Wednesday, 1 May 2013: 2:15 PM
South Room (Renaissance Seattle Hotel)
In all seasons of the year, storms represent high-impact weather events over Alaska and its adjacent seas. Alaska's extensive coastline and, in many cases, shallow onshore shelves makes the region especially vulnerable to coastal flooding and erosion, particularly where a protective sea ice buffer is absent. It is of interest to gain an assessment of possible storminess patterns at the medium range; that is, multi-week to seasonal. As with existing, similar products for precipitation and temperature, such information could aid stakeholders in planning and resource allocation. The NOAA's Climate Prediction Center (CPC) Storm Tracks website currently includes summaries of storm tracks and accumulated precipitation for the past 10-, 30- and 90-day periods. This project aims to explore probabilistic methods to enable a medium-range (out to 90 days) storminess prediction product to be added to the CPC portfolio.

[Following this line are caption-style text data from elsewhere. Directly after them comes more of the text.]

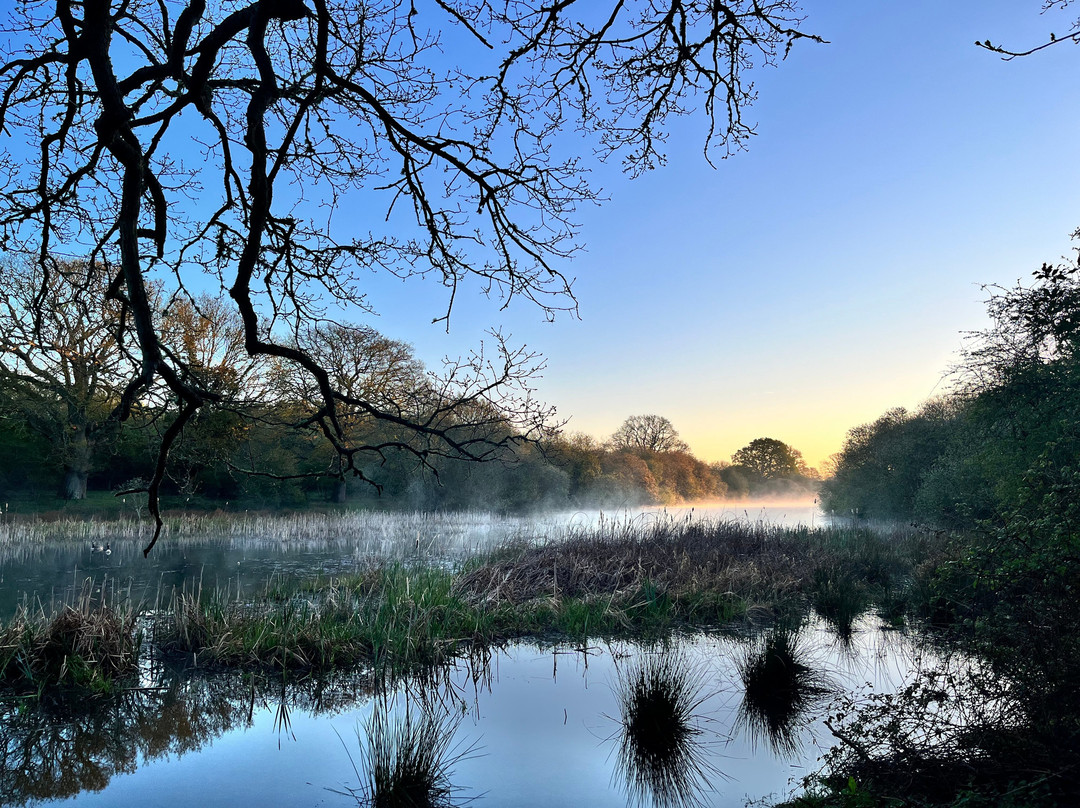 Knepp Wildland Safaris-霍舍姆必去景点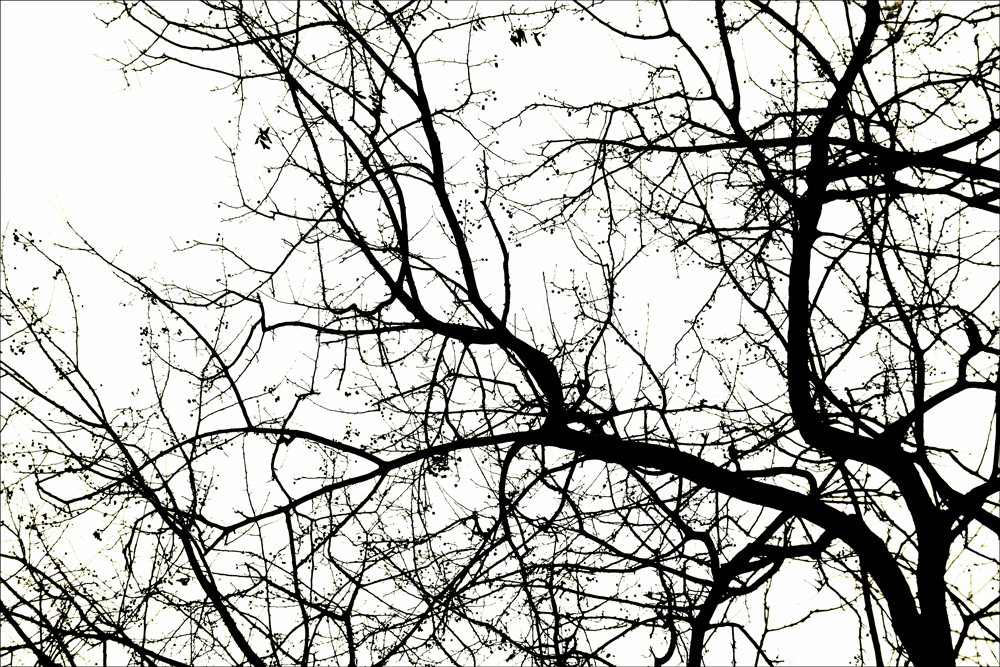 AL16003 more colors
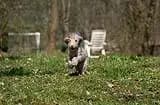 Bild aus The Bushwalker  in Niedersachsen, wo unsere Bedlington Terrier-Hunde in einer liebevollen Umgebung aufwachsen.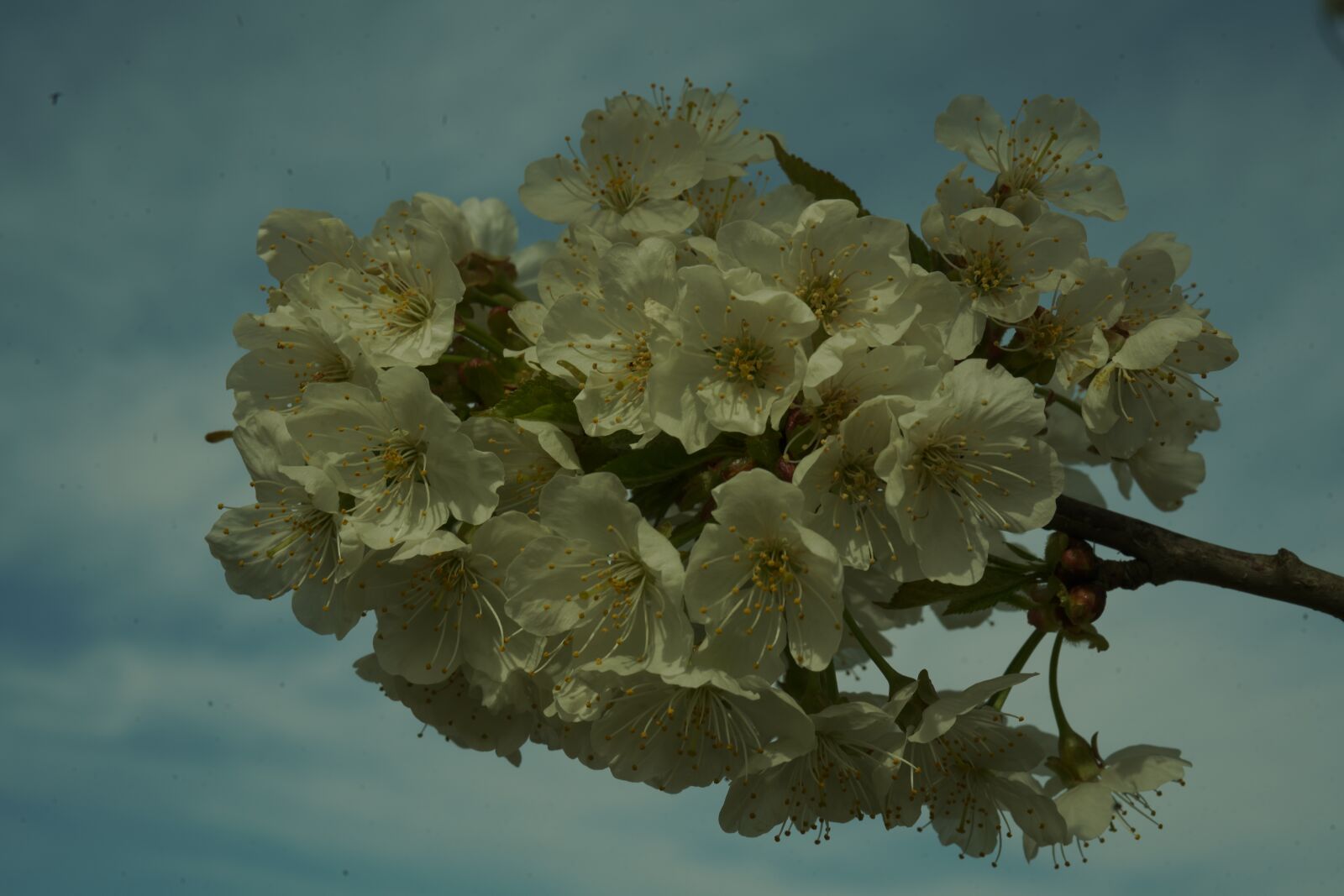 Sony FE 50mm F2.8 Macro sample photo. Close-up, cherry blossom, white photography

Given the limits of deterministic predictability, methods will be based on present and CPC-predicted states of ENSO, the Pacific Decadal Oscillation (PDO), the Pacific/North American Pattern (PNA) and the Arctic Oscillation (AO) -- large-scale modes of variability known to affect Alaska to the extent that they control storminess in the Alaska region. In order to link these large-scale climatic modes of variability to storm probabilities for various Alaskan sub-regions, and to account for the fact that these modes influence each other, we will explore the use of composites and analog years. The goal of the initial stage of this effort is intended to identify spatial and temporal patterns in loci of storm frequency maxima and minima as determined by the CPC storm track database, compiled using the method of Serreze (1995). Highlighted will be potential links of storm frequency patterns to each climatic mode noted above using Empirical Orthogonal Function (EOF) analysis. Additionally, the seasonal storminess hindcasts used to generate the seasonal storminess outlook for the region are shown, with discussion and interpretation of the utility of individual teleconnection patterns in the generation of a seasonal storminess outlook product for the region.